Harris took a swipe at the unruly conduct of some Republicans in the chamber, including the extremist but increasingly-influential Georgia congresswoman Marjorie Taylor Greene shouting "liar" at Biden as he spoke.
"I think that there's a bit of what happens in that room, sadly, that it's about theatrics. But when you talk about the substantive work, I think we've seen some success in terms of bipartisan work.
"Look at what we did together. It was bipartisan in terms of dealing with gun safety laws, the first time in decades, where we had any meaningful federal legislation in that regard.
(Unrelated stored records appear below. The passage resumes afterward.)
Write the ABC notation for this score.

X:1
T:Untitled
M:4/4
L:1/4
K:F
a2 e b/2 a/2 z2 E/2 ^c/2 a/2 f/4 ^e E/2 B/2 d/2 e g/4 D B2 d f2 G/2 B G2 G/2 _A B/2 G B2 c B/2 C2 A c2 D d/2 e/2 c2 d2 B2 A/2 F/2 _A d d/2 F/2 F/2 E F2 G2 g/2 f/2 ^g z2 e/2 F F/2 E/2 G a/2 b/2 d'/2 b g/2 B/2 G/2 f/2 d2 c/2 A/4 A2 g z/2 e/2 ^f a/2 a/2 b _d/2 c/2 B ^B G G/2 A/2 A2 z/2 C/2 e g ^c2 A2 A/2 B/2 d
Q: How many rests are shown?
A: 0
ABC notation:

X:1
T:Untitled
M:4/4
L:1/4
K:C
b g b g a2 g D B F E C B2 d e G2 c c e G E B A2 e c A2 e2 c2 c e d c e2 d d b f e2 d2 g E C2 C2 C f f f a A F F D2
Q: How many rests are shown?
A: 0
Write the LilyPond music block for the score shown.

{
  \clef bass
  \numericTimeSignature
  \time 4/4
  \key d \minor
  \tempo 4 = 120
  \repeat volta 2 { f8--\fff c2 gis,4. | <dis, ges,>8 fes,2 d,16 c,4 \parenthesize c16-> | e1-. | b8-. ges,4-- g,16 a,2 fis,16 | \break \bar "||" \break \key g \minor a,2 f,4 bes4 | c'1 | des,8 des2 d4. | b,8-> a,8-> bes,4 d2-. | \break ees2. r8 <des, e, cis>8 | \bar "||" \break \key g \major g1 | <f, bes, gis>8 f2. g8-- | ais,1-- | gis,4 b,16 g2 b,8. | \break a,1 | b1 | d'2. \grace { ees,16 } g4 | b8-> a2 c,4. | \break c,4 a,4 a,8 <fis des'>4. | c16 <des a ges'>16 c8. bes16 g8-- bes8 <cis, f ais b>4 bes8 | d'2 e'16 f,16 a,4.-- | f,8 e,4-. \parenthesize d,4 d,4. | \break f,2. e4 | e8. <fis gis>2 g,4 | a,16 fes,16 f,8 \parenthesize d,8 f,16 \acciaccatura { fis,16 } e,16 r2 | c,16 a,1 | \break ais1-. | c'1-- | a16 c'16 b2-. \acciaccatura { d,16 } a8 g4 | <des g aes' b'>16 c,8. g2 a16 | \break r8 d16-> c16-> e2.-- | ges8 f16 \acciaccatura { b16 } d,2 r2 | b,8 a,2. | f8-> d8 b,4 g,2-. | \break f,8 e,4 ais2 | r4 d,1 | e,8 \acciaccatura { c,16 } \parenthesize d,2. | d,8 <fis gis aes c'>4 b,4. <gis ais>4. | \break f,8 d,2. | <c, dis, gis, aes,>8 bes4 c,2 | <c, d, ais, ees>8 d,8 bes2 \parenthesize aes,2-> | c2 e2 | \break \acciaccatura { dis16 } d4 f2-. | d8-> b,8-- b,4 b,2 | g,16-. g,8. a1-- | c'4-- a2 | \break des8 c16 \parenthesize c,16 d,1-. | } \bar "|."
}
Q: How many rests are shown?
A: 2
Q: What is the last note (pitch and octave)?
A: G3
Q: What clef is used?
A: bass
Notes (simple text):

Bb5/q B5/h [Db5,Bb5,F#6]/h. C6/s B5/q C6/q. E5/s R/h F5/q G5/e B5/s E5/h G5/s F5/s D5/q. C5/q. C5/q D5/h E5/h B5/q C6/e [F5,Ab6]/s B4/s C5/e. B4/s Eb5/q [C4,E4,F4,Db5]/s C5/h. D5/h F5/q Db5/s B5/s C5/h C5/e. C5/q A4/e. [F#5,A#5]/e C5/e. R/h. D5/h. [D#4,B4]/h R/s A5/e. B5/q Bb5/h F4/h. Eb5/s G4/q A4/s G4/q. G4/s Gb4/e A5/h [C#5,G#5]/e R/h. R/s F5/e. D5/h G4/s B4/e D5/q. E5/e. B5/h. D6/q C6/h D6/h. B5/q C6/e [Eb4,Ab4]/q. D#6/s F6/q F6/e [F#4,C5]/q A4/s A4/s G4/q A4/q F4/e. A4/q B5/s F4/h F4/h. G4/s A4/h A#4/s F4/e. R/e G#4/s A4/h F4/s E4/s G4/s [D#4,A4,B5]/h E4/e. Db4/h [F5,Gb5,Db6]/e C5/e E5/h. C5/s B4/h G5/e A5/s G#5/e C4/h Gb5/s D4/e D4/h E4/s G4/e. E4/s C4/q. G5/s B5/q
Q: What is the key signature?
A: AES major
So the president, it's his nature, and it's his commitment to the American people to work across the aisle. That's not going to stop even if some people are cynical about it."
Harris expanded on the heckling in a subsequent interview on CBS Mornings: "Sadly, there tends to be a theatrical element to the evening as time has gone on," she said.
"But I think the president was in command, and he was focused on the American people, as opposed to the gamesmanship that was being played in the room."
Stronger condemnation came on Wednesday from congressmen of both parties. South Carolina Democrat James Clyburn told CNN's This Morning that Republican speaker Kevin McCarthy's efforts to quell his caucus fell on deaf ears.
"I understand that he did say something to them about it. And they didn't listen. When you're dealing with kindergartners it's kind of hard to get them to listen," he said.
Montana Republican Ryan Zinke was also unhappy at the raucousness.
"I was born and raised to be a gentleman, and he is my president," he told the same program.